[Source data]
⟨
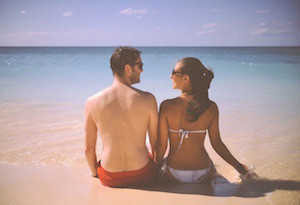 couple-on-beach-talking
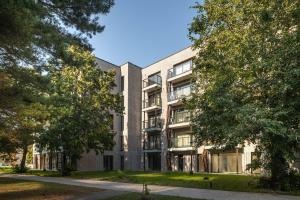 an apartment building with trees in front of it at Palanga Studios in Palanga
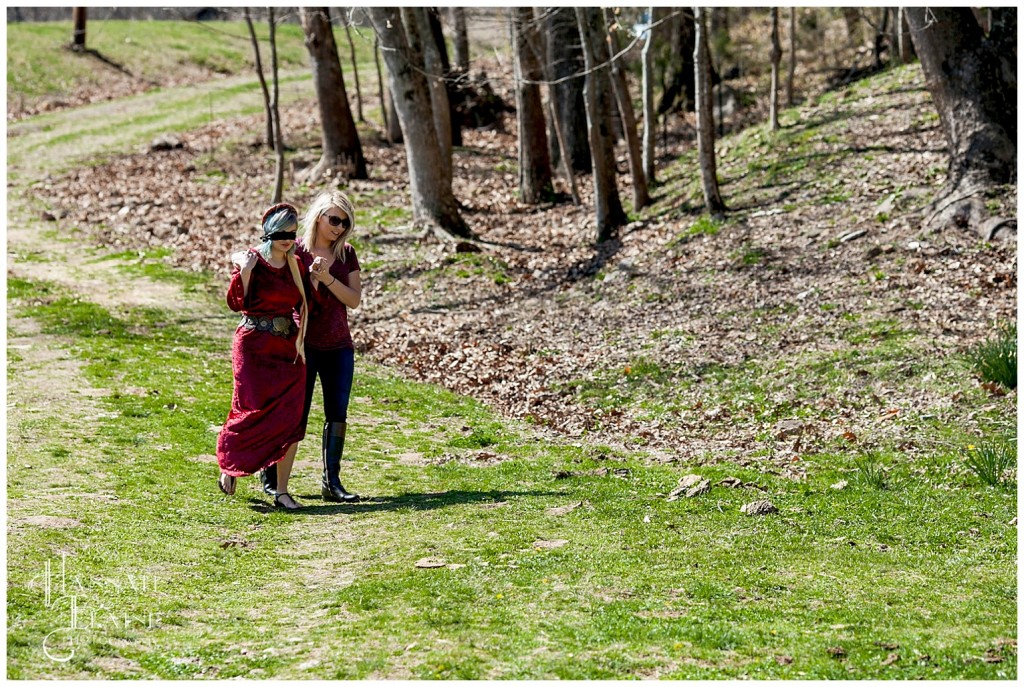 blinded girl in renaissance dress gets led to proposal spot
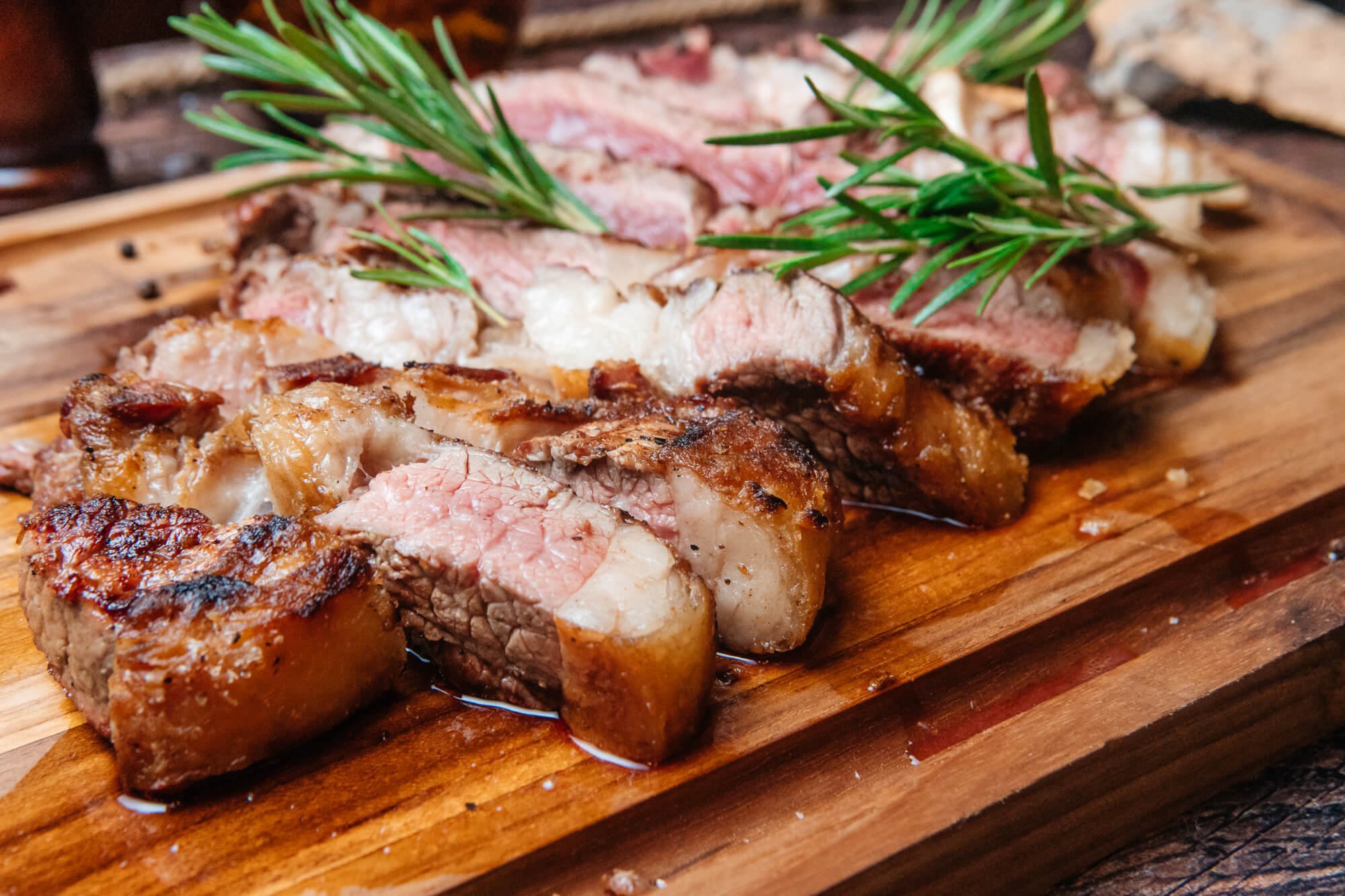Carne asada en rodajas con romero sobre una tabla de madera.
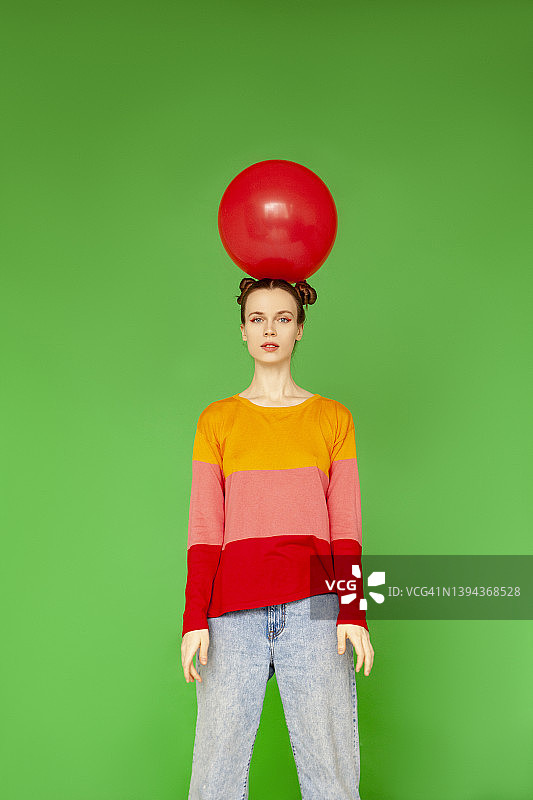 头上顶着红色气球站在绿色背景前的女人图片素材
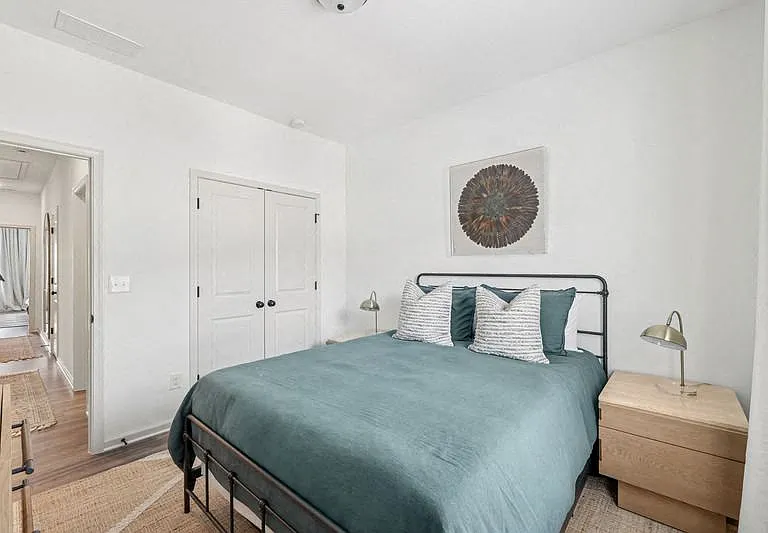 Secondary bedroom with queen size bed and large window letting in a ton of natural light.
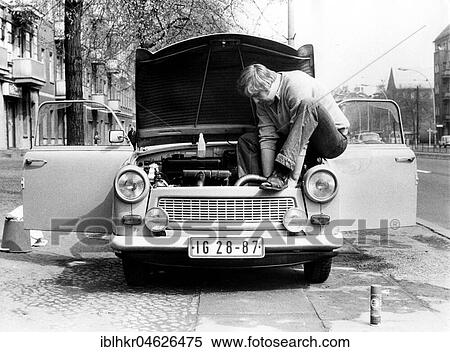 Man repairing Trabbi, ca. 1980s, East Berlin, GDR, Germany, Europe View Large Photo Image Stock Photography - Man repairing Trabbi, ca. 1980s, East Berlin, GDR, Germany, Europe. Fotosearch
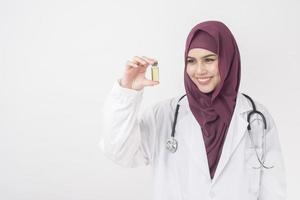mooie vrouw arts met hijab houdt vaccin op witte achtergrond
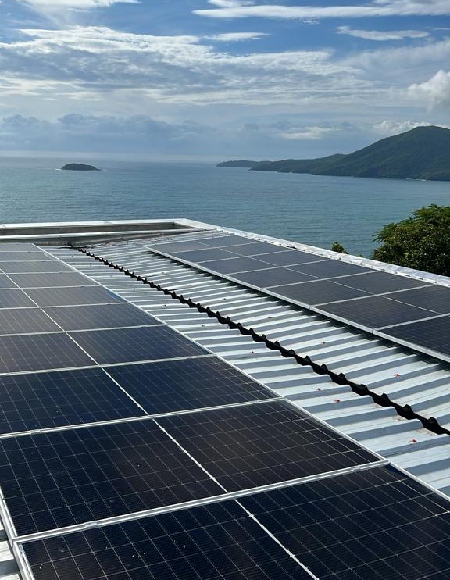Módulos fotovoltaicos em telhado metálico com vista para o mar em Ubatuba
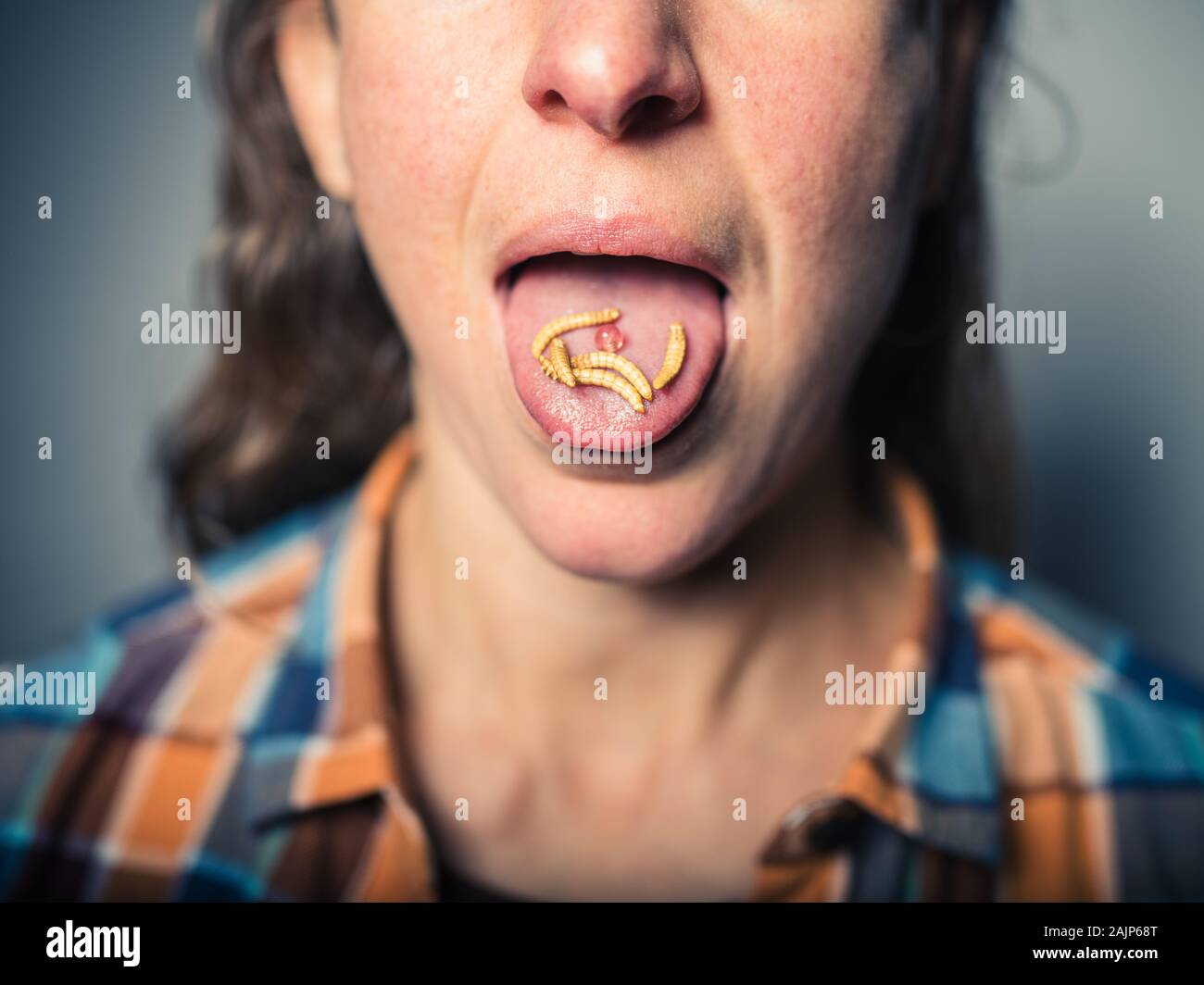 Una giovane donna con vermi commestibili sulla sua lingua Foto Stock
⟩
*WHAT IS NEEDED*: A verbatim reproduction is expected: starting at the line above that has "blinded girl in", ending at the line that has "Secondary bedroom with", both included, and with no pictures and no other lines.

*ANSWER SPACE*:
 blinded girl in renaissance dress gets led to proposal spot
Carne asada en rodajas con romero sobre una tabla de madera.
 头上顶着红色气球站在绿色背景前的女人图片素材
 Secondary bedroom with queen size bed and large window letting in a ton of natural light.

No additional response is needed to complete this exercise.